La esperada encíclica social de Benedicto XVI provoca en el lector no completamente obturado por el pienso ideológico una gratificante impresión de árbol frondoso donde las muchas ramas se alimentan de una misma savia originaria. Justamente la impresión contraria que nos suscitan tantos diagnósticos contemporáneos, que nos abruman con su follaje desarraigado; y ya se sabe que donde faltan las raíces todo verdor acaba amustiándose. Benedicto XVI empieza rebelándose contra la caridad degenerada en «mero sentimentalismo», un envoltorio vacío que se rellena arbitrariamente de emociones y opiniones contingentes; y contra esa caridad encerrada en la cárcel de la emotividad postula una caridad que esté al servicio de la «promoción integral del hombre». Promoción que no será posible mientras al hombre no se le restituya su verdadera naturaleza, mientras no se le permita su pleno desarrollo, que frente a lo que preconizan las concepciones materialistas y mecanicistas en boga incluye su desarrollo espiritual, el conocimiento profundo del alma que dialoga consigo misma y con su Creador. Porque sólo de ese diálogo puede nacer una fraternidad verdadera, que no es otra sino la que se reconoce en una paternidad común.
Benedicto XVI se acoge en Caritas in Veritate -como no podía ser de otro modo en alguien tan preocupado por profundizar en la «continuidad de vida» de la Iglesia, combatiendo esos sofismas que hablan de una Iglesia «preconciliar» y otra «postconciliar»- al patrimonio doctrinal transmitido por los Apóstoles a los Padres de la Iglesia, elaborado por sus grandes Doctores, testimoniado por sus mártires y puesto al día -en «fidelidad dinámica»- por los Papas. La tercera encíclica de Benedicto XVI se configura, pues, como un gran homenaje a esa Tradición, y muy especialmente a la Populorum progressio de Pablo VI. Benedicto XVI vuelve aquí a alertarnos contra el peligro de las ideologías, que simplifican de manera artificiosa la realidad, creando «graves antinomias» en el pensamiento, tergiversaciones que nos envilecen y alienan, fragmentando nuestra capacidad de discernimiento moral. Cuando se detiene a señalar las contradicciones de esa moral fragmentada por la influencia perniciosa de las ideologías, la encíclica alcanza algunos de sus pasajes más memorables.

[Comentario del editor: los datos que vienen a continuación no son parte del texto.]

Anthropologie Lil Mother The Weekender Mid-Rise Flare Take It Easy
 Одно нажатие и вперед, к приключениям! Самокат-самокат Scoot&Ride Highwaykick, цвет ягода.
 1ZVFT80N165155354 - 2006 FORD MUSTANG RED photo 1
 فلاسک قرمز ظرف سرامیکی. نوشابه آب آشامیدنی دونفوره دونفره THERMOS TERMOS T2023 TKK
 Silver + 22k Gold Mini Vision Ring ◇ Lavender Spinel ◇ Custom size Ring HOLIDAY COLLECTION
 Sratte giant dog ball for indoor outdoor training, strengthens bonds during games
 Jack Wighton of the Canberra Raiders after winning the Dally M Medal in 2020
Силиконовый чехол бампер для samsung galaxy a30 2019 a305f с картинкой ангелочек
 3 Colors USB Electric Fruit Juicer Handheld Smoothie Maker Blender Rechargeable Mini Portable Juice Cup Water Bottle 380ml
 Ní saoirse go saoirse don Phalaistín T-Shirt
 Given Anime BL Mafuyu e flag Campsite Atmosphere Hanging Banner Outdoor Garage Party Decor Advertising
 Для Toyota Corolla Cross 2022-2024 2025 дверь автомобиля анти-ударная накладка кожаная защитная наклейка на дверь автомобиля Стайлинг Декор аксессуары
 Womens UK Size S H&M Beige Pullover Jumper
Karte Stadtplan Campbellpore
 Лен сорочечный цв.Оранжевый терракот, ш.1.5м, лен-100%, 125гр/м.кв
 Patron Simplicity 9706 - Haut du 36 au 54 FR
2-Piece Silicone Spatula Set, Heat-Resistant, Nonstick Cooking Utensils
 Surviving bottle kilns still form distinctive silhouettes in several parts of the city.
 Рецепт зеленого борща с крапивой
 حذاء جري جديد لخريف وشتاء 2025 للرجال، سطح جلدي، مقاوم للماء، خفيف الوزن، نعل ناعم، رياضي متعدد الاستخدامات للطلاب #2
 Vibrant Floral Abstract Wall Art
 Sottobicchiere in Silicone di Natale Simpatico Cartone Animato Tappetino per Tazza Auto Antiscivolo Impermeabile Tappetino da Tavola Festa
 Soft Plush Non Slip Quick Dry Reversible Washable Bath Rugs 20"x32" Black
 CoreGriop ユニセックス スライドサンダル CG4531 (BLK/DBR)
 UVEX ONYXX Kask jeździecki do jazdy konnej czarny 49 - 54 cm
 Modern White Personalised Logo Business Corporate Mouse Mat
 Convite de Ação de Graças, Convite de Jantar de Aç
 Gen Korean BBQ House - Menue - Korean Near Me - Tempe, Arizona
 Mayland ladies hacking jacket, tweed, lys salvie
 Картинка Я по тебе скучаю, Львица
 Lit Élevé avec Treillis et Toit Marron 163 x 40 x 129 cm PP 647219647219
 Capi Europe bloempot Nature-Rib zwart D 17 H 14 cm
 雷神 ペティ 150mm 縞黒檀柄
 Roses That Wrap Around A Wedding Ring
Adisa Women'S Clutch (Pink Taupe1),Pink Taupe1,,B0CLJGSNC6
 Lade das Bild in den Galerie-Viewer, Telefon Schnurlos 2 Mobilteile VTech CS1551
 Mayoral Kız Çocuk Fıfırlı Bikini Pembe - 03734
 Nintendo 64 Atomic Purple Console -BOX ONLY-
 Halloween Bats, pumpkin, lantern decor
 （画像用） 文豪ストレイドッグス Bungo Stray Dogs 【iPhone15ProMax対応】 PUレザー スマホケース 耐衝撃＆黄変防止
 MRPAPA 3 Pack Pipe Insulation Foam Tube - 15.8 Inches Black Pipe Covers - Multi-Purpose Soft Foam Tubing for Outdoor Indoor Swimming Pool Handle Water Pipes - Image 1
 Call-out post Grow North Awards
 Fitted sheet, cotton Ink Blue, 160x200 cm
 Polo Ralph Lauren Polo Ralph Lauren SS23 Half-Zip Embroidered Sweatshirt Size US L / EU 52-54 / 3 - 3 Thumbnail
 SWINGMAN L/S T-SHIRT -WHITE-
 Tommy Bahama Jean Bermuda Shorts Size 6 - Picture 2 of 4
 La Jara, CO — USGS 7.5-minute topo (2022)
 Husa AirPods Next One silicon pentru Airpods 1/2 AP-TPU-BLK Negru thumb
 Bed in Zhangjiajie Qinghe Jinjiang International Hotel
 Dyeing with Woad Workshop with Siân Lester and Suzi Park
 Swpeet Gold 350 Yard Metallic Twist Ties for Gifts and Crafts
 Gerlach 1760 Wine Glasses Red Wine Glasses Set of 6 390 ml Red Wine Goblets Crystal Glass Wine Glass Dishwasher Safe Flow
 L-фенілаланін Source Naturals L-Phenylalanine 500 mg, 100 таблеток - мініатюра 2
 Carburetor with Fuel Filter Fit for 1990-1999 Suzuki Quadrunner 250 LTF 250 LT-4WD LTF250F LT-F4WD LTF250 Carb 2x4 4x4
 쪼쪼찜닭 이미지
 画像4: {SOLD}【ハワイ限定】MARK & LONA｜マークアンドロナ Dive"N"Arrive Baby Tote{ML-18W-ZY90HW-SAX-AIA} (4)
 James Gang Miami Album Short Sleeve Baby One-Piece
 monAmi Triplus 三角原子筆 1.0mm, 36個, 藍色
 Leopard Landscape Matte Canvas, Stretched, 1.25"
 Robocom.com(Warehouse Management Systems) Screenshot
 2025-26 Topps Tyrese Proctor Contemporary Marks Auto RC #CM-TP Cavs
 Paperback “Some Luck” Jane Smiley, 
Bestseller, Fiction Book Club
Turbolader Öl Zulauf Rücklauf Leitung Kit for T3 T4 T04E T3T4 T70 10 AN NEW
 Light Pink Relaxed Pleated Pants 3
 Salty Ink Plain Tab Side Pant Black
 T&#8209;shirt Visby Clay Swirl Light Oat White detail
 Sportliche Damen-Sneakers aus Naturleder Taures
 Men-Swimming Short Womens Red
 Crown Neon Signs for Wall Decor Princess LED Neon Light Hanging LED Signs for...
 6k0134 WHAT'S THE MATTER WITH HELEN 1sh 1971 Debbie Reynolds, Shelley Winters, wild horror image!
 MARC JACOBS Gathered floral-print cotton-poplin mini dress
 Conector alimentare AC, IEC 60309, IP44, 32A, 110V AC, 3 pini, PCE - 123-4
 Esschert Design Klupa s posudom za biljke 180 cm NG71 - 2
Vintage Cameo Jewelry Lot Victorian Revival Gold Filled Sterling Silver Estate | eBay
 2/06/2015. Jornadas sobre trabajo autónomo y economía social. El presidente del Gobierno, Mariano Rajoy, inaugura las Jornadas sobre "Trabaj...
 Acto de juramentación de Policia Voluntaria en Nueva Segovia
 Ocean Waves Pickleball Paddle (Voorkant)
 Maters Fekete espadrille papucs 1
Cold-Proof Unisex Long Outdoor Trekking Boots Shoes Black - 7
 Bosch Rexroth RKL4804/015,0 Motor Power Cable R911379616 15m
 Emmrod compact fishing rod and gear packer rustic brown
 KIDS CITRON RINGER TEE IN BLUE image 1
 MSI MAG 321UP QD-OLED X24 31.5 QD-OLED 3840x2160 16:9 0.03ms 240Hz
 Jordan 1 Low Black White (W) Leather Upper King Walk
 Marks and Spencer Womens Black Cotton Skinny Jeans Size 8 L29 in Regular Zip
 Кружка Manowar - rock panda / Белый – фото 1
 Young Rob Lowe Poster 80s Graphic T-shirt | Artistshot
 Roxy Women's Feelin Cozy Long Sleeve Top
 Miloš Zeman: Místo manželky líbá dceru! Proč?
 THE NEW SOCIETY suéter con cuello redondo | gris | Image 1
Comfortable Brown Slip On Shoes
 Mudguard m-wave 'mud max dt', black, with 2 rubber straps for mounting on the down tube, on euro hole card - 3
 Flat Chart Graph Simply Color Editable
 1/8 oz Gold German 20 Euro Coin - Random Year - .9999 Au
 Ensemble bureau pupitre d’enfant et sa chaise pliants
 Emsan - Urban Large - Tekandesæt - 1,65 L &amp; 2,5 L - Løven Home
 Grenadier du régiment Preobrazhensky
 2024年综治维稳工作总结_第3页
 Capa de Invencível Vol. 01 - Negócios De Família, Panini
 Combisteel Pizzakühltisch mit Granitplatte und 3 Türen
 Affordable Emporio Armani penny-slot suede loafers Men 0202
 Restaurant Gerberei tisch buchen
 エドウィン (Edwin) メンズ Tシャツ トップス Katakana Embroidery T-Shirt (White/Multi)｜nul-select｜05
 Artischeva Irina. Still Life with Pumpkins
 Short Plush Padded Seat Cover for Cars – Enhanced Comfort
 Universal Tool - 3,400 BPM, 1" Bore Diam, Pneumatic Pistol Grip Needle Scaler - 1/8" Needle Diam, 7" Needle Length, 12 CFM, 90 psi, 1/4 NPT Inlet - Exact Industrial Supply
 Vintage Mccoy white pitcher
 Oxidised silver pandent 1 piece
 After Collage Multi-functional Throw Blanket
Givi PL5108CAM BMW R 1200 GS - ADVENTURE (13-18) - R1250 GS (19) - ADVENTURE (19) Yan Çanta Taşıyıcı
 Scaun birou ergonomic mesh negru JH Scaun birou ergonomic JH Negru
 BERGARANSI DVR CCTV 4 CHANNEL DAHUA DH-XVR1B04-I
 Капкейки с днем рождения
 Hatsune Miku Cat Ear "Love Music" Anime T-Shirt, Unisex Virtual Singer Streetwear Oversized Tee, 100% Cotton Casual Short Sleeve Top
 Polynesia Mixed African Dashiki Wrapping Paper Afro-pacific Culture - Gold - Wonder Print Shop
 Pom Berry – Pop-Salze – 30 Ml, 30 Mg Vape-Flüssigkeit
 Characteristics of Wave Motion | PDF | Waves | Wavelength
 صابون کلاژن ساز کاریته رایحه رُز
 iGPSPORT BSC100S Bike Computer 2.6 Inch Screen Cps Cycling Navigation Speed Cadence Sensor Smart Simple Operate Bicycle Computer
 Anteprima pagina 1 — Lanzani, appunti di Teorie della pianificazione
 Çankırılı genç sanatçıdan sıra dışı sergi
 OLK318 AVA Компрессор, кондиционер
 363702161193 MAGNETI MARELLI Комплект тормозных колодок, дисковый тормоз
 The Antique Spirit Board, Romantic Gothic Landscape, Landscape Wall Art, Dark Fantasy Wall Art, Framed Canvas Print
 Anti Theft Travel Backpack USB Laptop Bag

Ocurre así, por ejemplo, cuando se reflexiona sobre el respeto que debemos a la naturaleza. La ideología en boga ha hecho del ecologismo uno de sus grandes estandartes; pero, a la vez que promueve la salvaguarda de la ecología ambiental, la ideología nos hace extraviar el concepto de ecología humana, aceptando el crimen del aborto. ¿Cómo se puede amar la naturaleza si se pierde la sensibilidad personal y social para acoger una nueva vida? Sólo cuando en la naturaleza se contempla el prodigioso resultado de la intervención creadora de Dios se cura esa antinomia infligida por la ideología. Sólo entonces vemos en el pájaro, en el agua o en la flor a esos hermanos de los que nos hablaba san Francisco, dones admirables de un Creador que nos exigen un cuidado amoroso, nunca instrumental o arbitrario. El hombre cobra entonces conciencia de su responsabilidad ante la naturaleza; y, como depositario de esa responsabilidad, cobra también conciencia de su lugar en la Creación. Y entonces la alianza entre medio ambiente y ser humano es plena; y una ideología que preconiza el respeto a la naturaleza a la vez que pierde el respeto a la naturaleza del hombre mismo se torna degradante. Porque, de repente, «el libro de la naturaleza se torna uno e indivisible»; y los deberes que tenemos con el medio ambiente son el corolario natural de los deberes que tenemos para con la persona considera en sí misma y en su relación con los otros. Esta es la «promoción integral del hombre» que las ideologías no se bastan a abarcar.